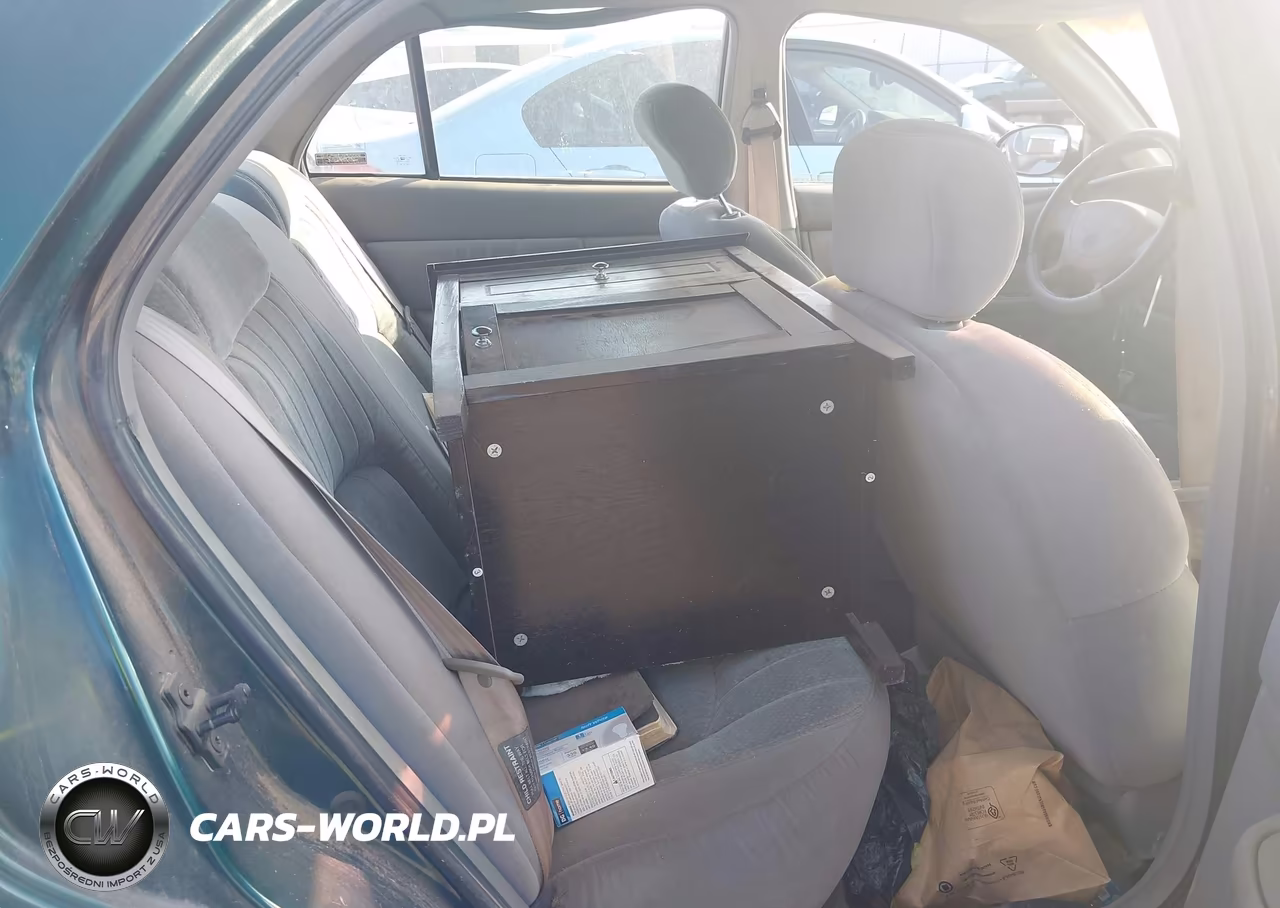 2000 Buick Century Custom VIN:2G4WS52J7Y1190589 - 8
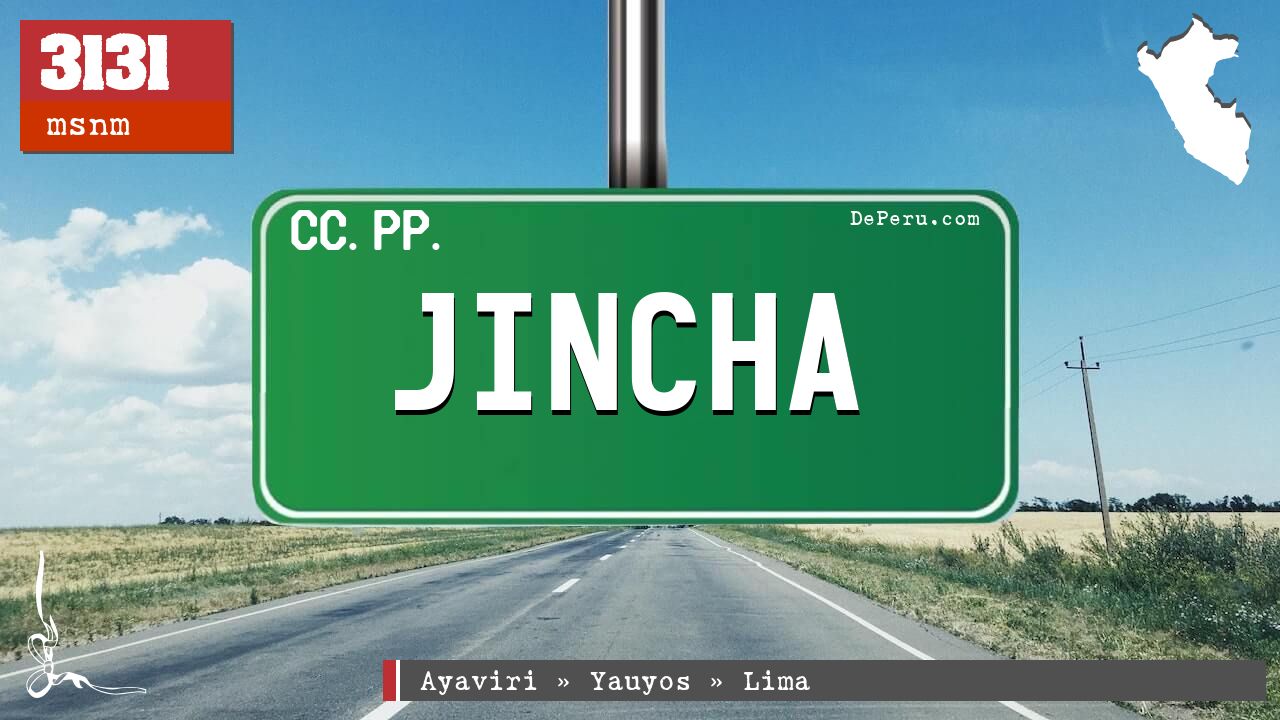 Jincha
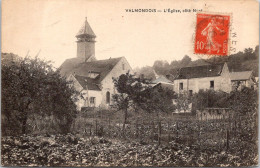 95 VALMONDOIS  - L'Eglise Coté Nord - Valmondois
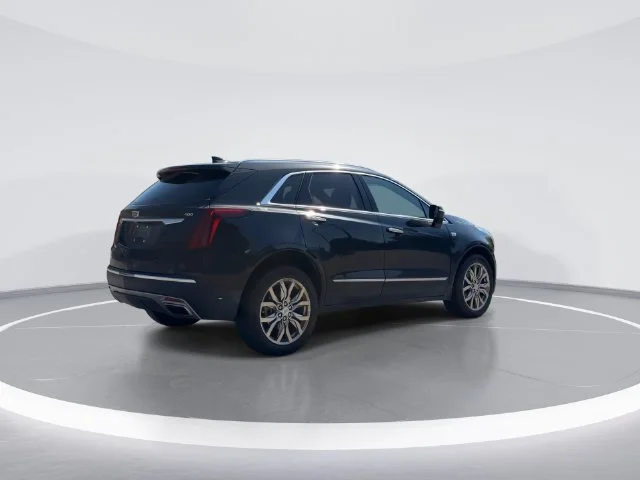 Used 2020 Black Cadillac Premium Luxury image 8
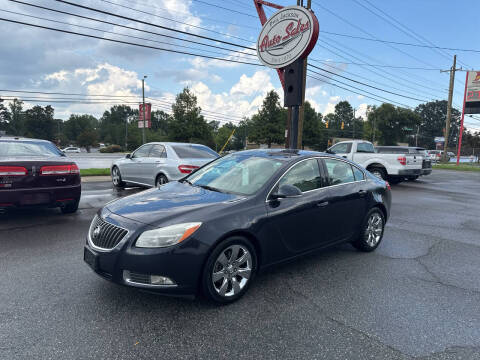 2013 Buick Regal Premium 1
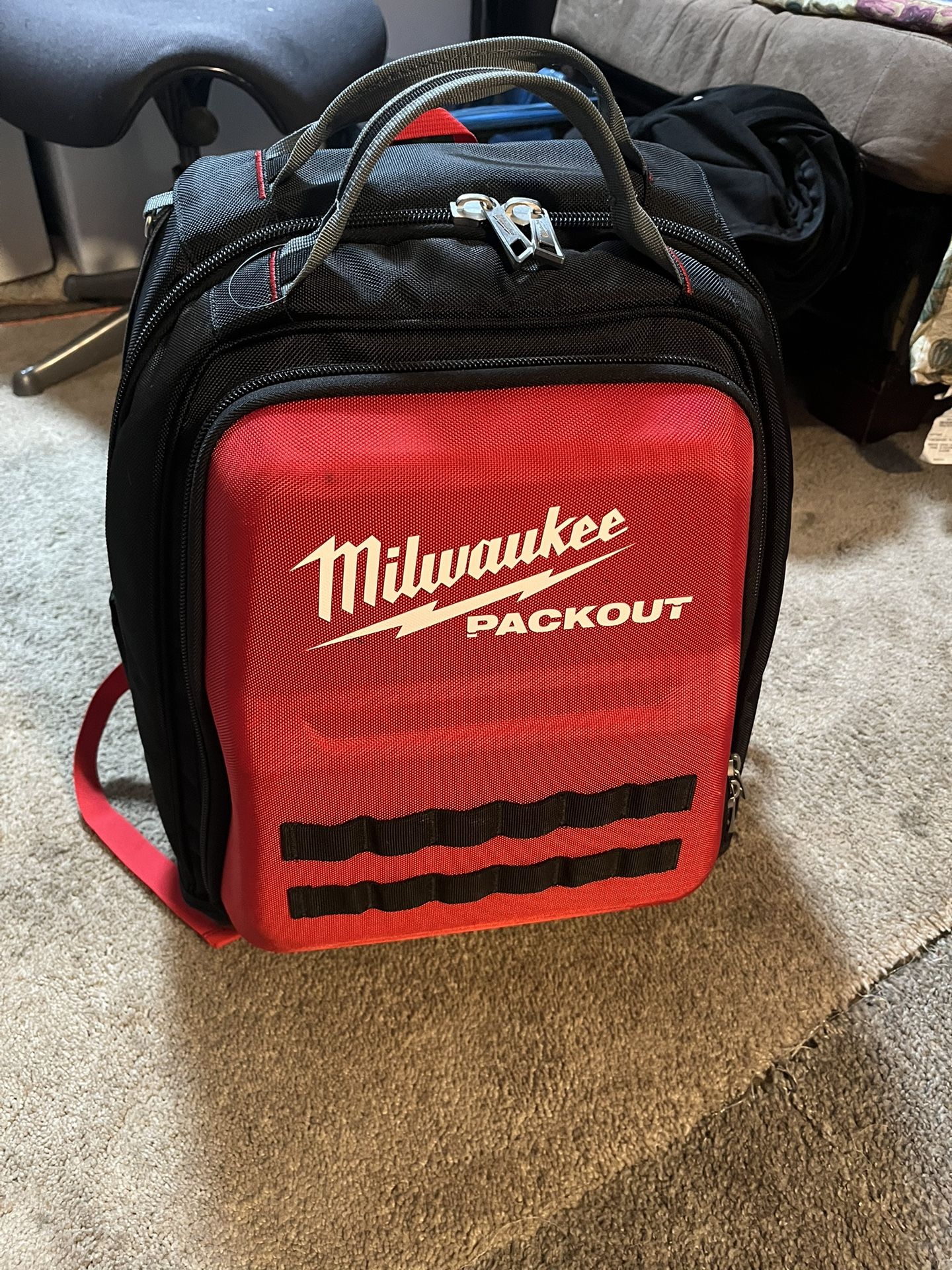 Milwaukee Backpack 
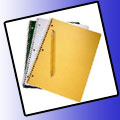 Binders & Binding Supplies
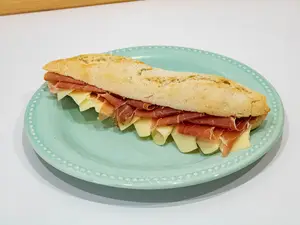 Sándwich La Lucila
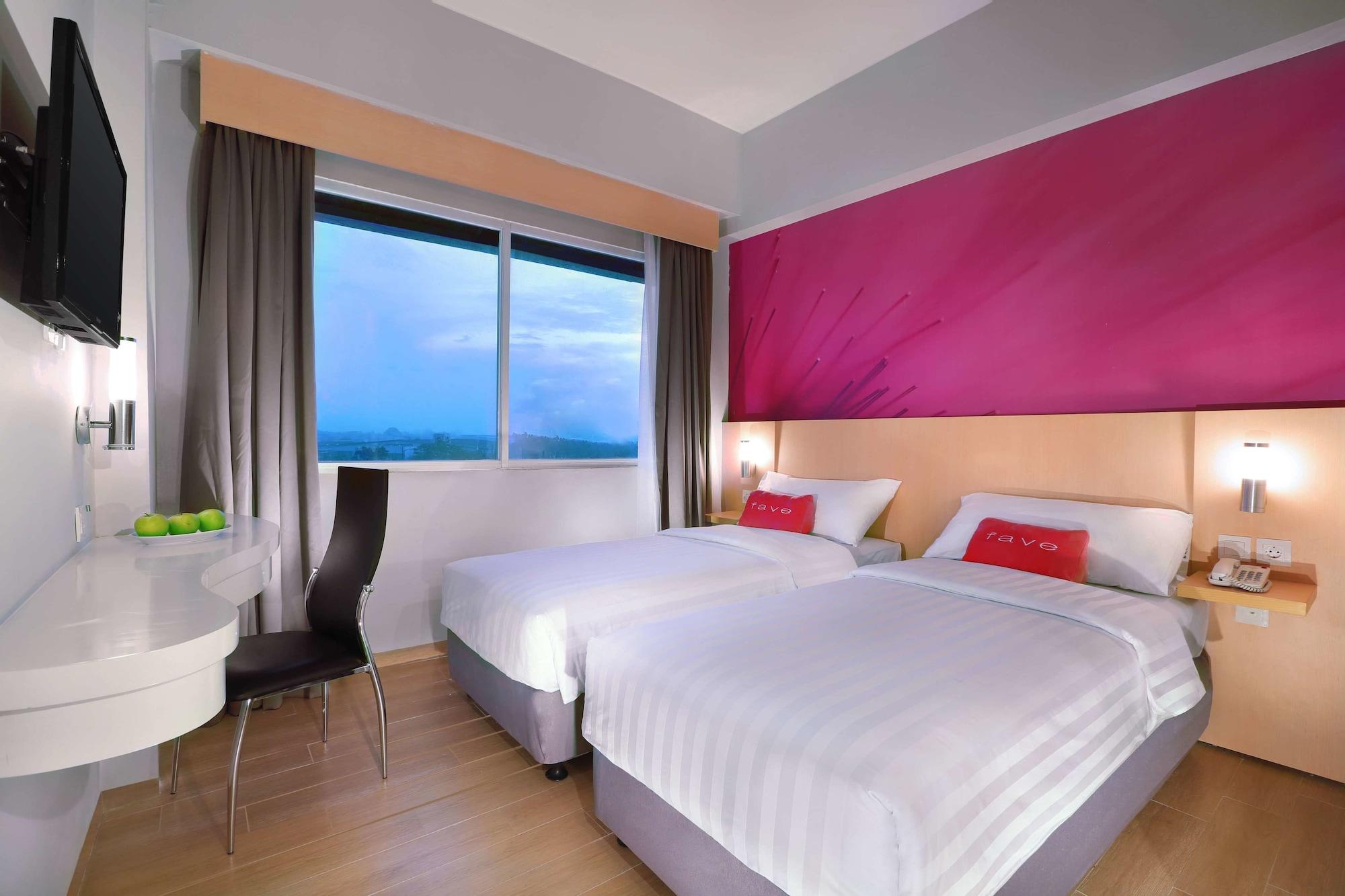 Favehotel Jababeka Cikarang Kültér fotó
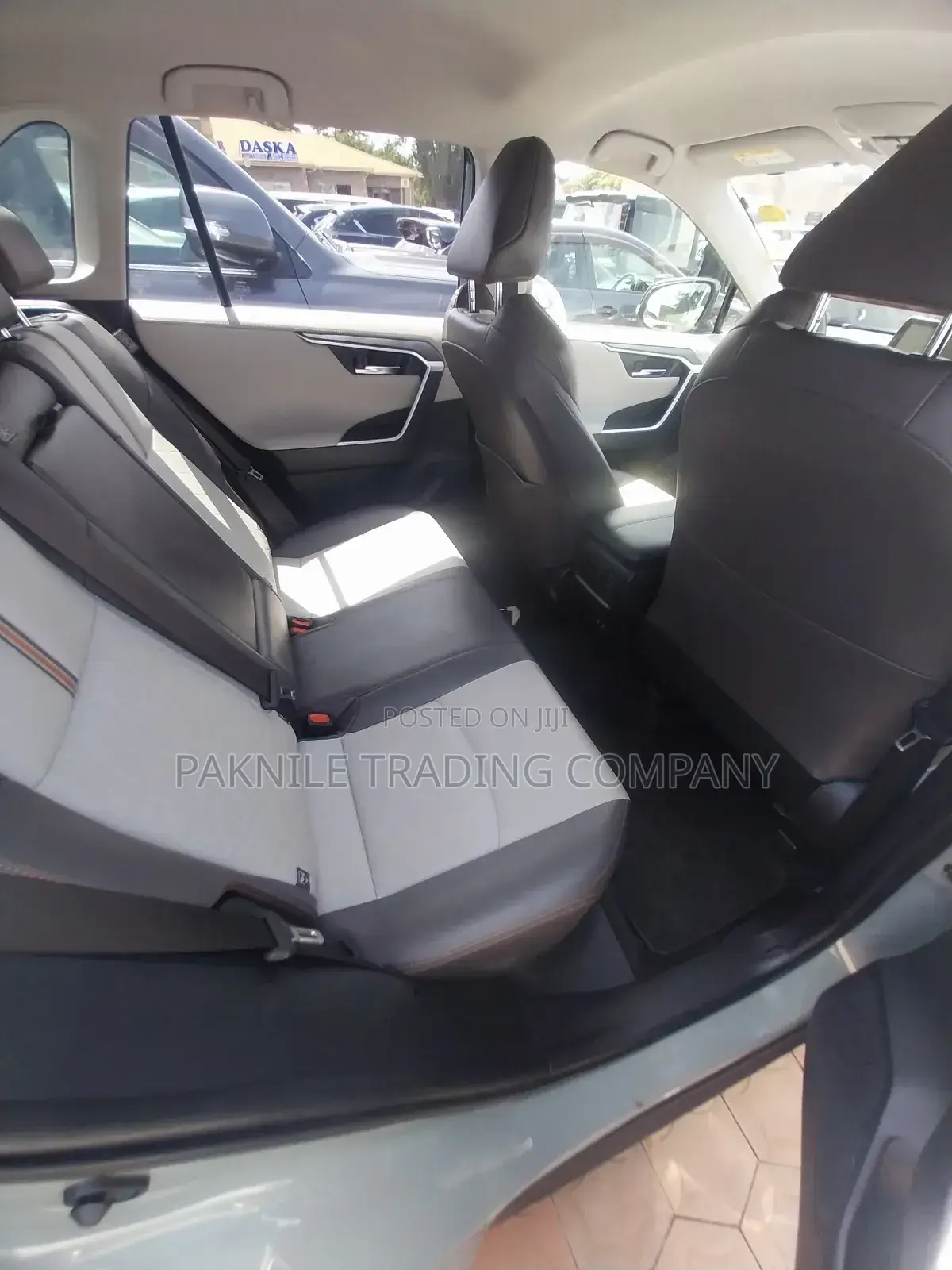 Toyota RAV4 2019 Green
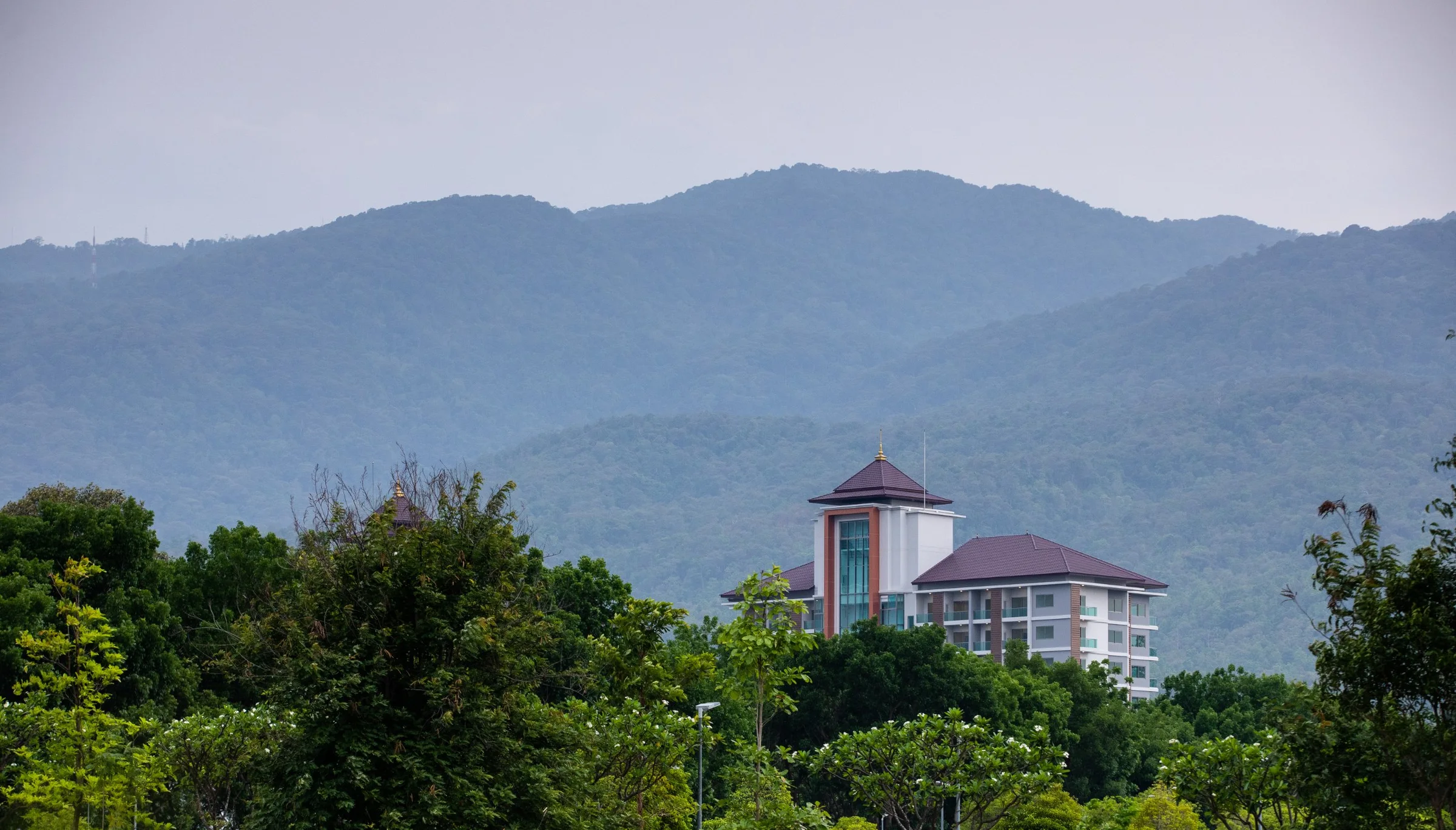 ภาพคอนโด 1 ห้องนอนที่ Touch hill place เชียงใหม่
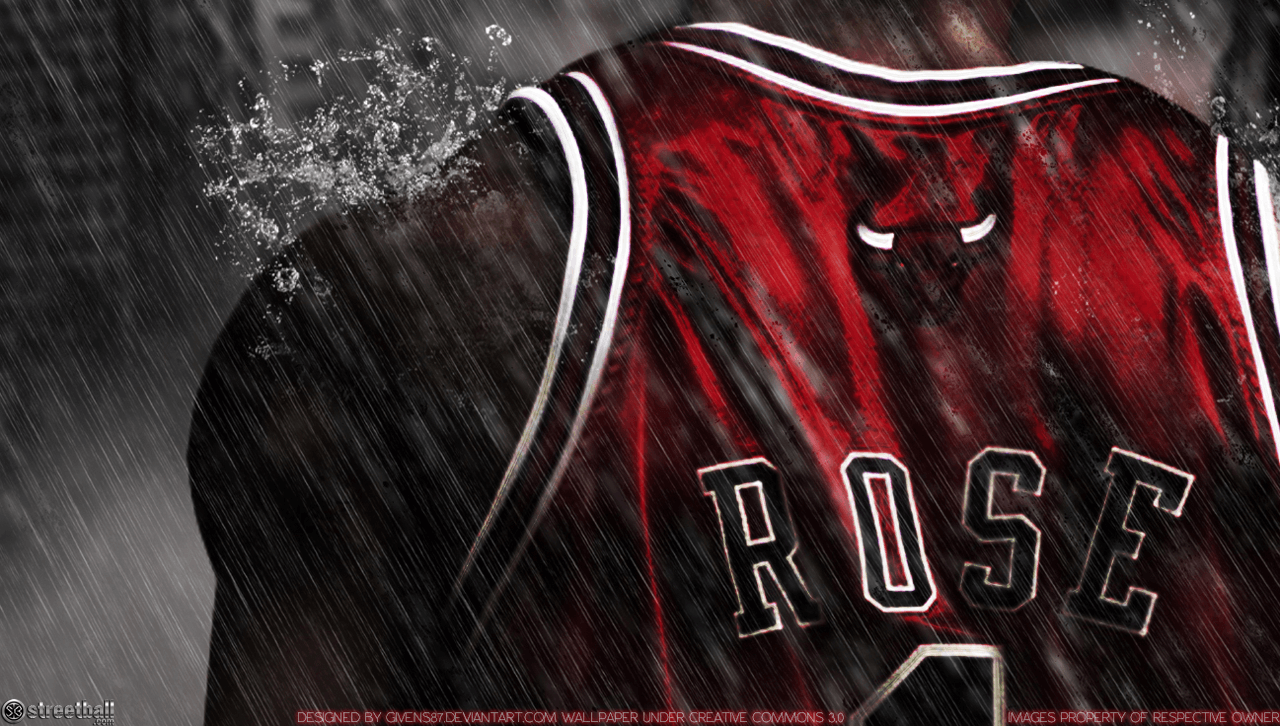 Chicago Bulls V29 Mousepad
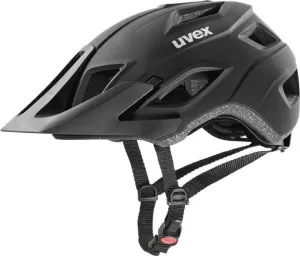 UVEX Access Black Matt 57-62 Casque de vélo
+---+
* ABOUT THIS TASK
Retype all the material word for word while skipping any picture it contains.

* SOLUTION TO THE PROBLEM
 2000 Buick Century Custom VIN:2G4WS52J7Y1190589 - 8
 Jincha
 95 VALMONDOIS  - L'Eglise Coté Nord - Valmondois
 Used 2020 Black Cadillac Premium Luxury image 8
 2013 Buick Regal Premium 1
 Milwaukee Backpack 
 Binders & Binding Supplies
 Sándwich La Lucila
 Favehotel Jababeka Cikarang Kültér fotó
 Toyota RAV4 2019 Green
 ภาพคอนโด 1 ห้องนอนที่ Touch hill place เชียงใหม่
 Chicago Bulls V29 Mousepad
 UVEX Access Black Matt 57-62 Casque de vélo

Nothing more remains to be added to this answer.